小説『グッドナイト・アイリーン』を電子書籍にします

小説『グッドナイト・アイリーン』を電子書籍にします

Amazonの電子書籍Kindleで『グッドナイト・アイリーン 町田「ちょんの間」の闇にいたタイ女性』という題名の小説を出します。中編で、それほど時間をかけなくても読める分量の小説です。

ブラックアジアの「売春地帯をさまよい歩いた日々」も含めて読んで下さっている方は、すんなりと物語の中に入れると思います。

物語はフィクションですが、そうだとはしても完全にフィクションではなく、ほぼ八割以上は実際にあった体験を元にしています。だから、小説に抵抗がある方も、「ほぼ実話」と思って読んで頂ければ、読みやすいかもしれません。

これはブラックアジア第二部に載せるかどうか考えて、結局、載せませんでした。それには、理由があります。

火災が起きたのが10年前、2004年2月3日です

ブラックアジアに載せなかった唯一の理由は、舞台が日本だったからです。ブラックアジアは国外の売春地帯を扱っていますので、国内の話は違和感があるのではないかと懸念しました。

そして、出てくる女性すべてにモデルがいます。国内の売春地帯はアクセスがしやすいので、実際にモデルになった女性たちは推測しやすく、特定しやすい状況にありました。

出てくる女性のすべてはチューレン(タイ式ニックネーム)だとは言え、そのまま書いていますので、なおさらです。

しかし、10年経った今、もう当時の女性を知っている人たちもいなくなったと思いますので、仮名だったものを実際のチューレンに戻し、これを出したいと思います。

ちなみに舞台となっている町田の小さな売春地帯というのは、日本人の間では通称「田んぼ」と呼ばれていた「ちょんの間」の置屋群があった場所を指しています。

この場所は現在、きれいに消失して跡形もありませんが、それは本文に書いている通り、実際に火災に遭ったからです。火災は新しくできた建物で広がって、アイリーンがいた古い側では残ったのですが、現在はすべて取り壊されました。

火災が起きたのがちょうど10年前、2004年2月3日です。だから、本当に10年前の話になるわけです。もしかしたら、ブラックアジアの読者でも、この現場を知っている人はいるかもしれません。

ブラックアジアの番外編として読んで頂ければ

ちなみに、題名にした「グッドナイト・アイリーン」というのは、実際にある唄の題名です。この唄はアメリカの民謡のような存在になっており、カントリーでもしばしば歌われるとても有名な唄です。
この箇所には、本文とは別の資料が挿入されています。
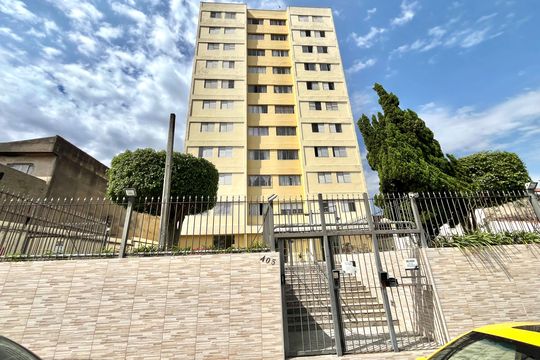 Fachada de apartamento para alugar com 2 quartos, 65m² em Vila Campestre, São Paulo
このような感じのメロディです。YouTubeでも検索すれば聞けると思います。

アイリーンというのはこの小説の主人公の女性の名前ですが、彼女は本当に「アイリーン」というニックネームで町田という東京の郊外都市の小さな売春地帯で売春ビジネスをしていました。

彼女がこの唄を知っていたのかどうかは、分かりません。

彼女を失った後、私はたまにこの唄を聞くようになりました。そして、この歌を聴くたびに、彼女のことを思い出す。そして、彼女が日本語で囁く声を今も思い出すのです。

私の原点は言うまでもなく、売春地帯の女性たちです。舞台は日本ではありますが、ブラックアジア「売春地帯をさまよい歩いた日々」の番外編として読んで頂ければ、嬉しく思います。

舞台となった町田のラブホテル街

かつての町田の小さな売春地帯があった場所。10年前、右はラブホテル、左は置屋だったが、もはやその面影はまったく消えてしまっている。
登場人物の一人がいつも立っていた場所。10年前はもっと荒んだ感じだったのだが、すっかり雰囲気が変わってしまった。
左の建物は、かつて置屋だったが、取り壊されて新しいビルが建っていた。アイリーンがいたのは、砂利状になった小道の奥の小さな建物だったが……。もう何も残っていない。
橋の角に「売春は違法行為です」という立て看板がある。今でもここで売春している女性がいるのだろう。